◆ What to work on
Only the lines below starting at the one that contains "Dog with yellow background" and ending at the one that contains "Prezentācija 'Stress', 10." are to be reproduced, exactly and with both ends kept.

◆ Dataset extract

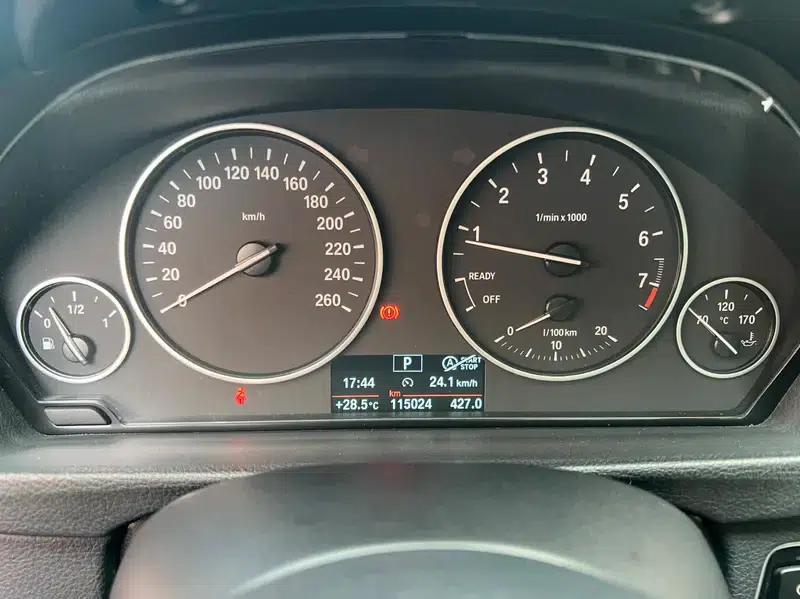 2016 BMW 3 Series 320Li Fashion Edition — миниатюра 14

==

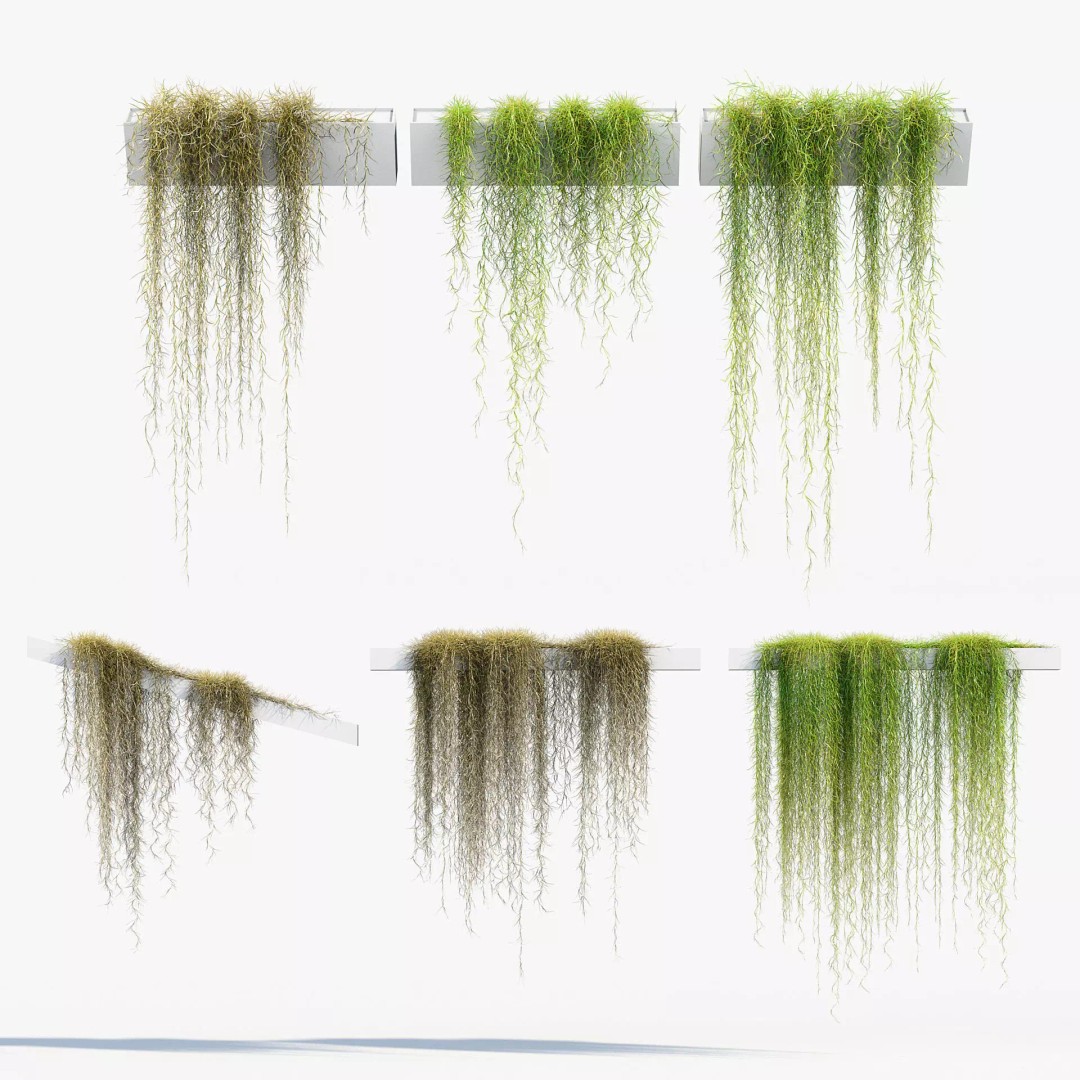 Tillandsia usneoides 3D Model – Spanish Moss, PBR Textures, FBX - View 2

--

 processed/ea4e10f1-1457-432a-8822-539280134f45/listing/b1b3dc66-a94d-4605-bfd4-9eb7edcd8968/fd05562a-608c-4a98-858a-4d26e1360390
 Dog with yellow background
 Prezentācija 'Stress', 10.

◆ Your solution
 Dog with yellow background
 Prezentācija 'Stress', 10.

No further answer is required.